Despite Scottish Executive resistance there was a back bench revolt (interestingly, primarily by woman) and this archaic practice was abolished. The Scottish Executive then brought forward their own legislation, the Debt Arrangement and Attachment (Scotland) Act 2002 which confirmed the abolition of poinding and warrant sales, albeit replacing them with a new type of attachment that distinguished between good kept in the home and outside the home. They also dusted off the old Scottish Law Commission recommendation of a new repayment scheme and called it the Debt Arrangement Scheme.

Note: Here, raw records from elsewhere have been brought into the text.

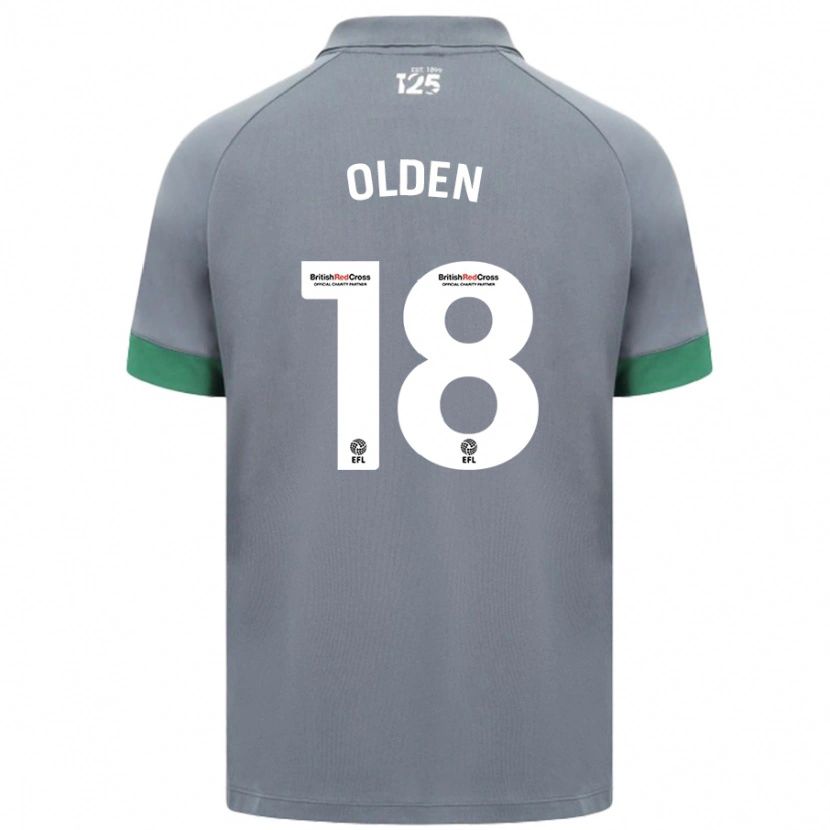 Danxen Kid Mackenzie Olden #18 Dark Gray Away Jersey 2024/25 T-Shirt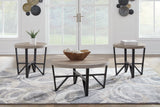 Deanlee Grayish Brown/Black Table by Ashley at Eve Furniture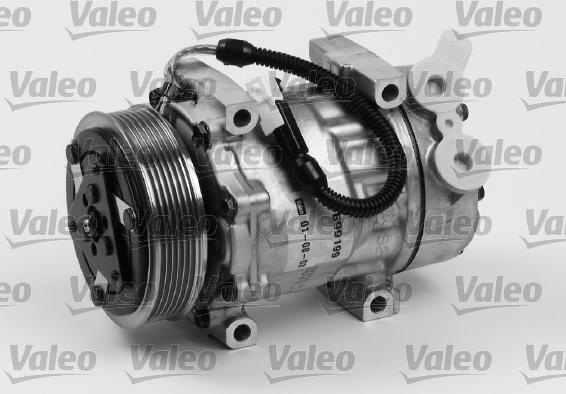 Valeo 699199 - Компрессор кондиционера autosila-amz.com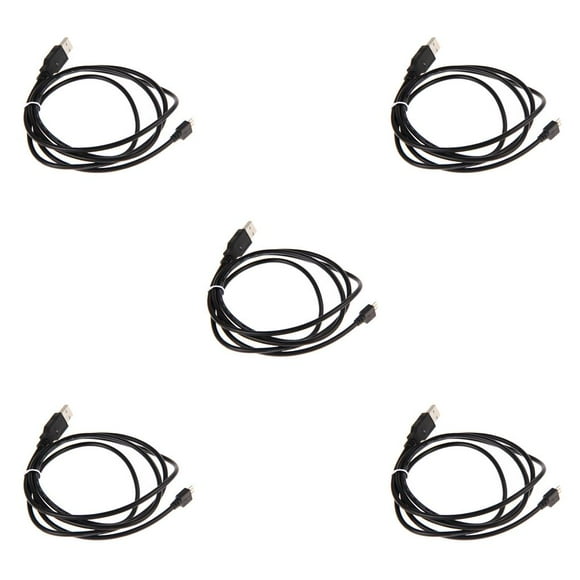 Sidaley Cable de carga negro de 1,5 metros reemplazo de cable de puerto Micro USB para controlador de juego 4 Type2 NO2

It was introduced in 2004 and allowed people to enter into formal repayment schemes with their creditors, letting them pay their debts, but with the full protection of the law. Once in a scheme, creditors could not do earning arrestment, bank arrestments, attach people’s property or make them bankrupt. And if the creditors objected? Well the new government officer, the Debt Arrangement Scheme Administrator could say tough, you’re in, providing she thought it was reasonable.

As a result of a painfully slow start, however, in 2007 the Scottish Government then introduced reforms so that once a  programme was approved, all interest, charges, fees and penalties on debts were frozen and if the plan successfully completed, written off.

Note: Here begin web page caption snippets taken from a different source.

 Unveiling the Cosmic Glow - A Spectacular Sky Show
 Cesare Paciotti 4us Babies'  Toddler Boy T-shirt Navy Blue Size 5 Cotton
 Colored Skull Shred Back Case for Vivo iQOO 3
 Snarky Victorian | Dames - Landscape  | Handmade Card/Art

Then in 2011, to give it another kick it was reformed again, this time to widen the type of money advisers who could apply for a programme on behalf of their clients. They also introduced payment breaks, so if your income dropped more than 50%, you could qualify for six month’s grace to get back on your feet again. And if you had ten different creditors to pay each month, well that was okay as everyone in the scheme has to pay their debts through a payment distributor who collects the money then distributes it to the creditors. And the cost of that service? The creditors have to pay for it.

The Scheme is still the little brother of Scotland’s two other formal debt remedies: 9,194 people signed Protected Trust Deeds last year; 11,056 people were declared bankrupt; and only 3,319 had Debt Payment Programmes approved.

However, as the graph below shows, if the first 8 years of the Debt Arrangement Scheme is compared with the first 8 years of Protected Trust Deeds, its growth pattern matches that of Protected Trust Deeds and in the last year has begun to grow even more steadily. In all likelihood in a few years time it will become Scotland’s main debtor remedy.

And it’s good for creditors also. The average dividend paid to a creditor in a Protected Trust Deed is less than 16p in the £ and less for bankruptcy: in a Debt Payment Programme, as the longest they normally last is 10 years, creditors get at least 30p in the £ back over the same period, but also with the hope of more in future years as it is not a form of personal insolvency.

The Scottish Government is also now looking to extend the Scheme so it can be used more easily by sole traders and partnerships to let them repay debts and avoid bankruptcy: creating a culture of recovery rather than one of liquidation.

And as for the replacement of poindings and warrant sales: in 2011/12 there were only 2,758 attachments, which is for property outside the home, such as cars and commercial property, and only 51 exceptional attachments carried out in the home (compared with the 18,980 poindings in 1998).

Now that’s not bad and as for the rest of the UK: they are still waiting for their reforms.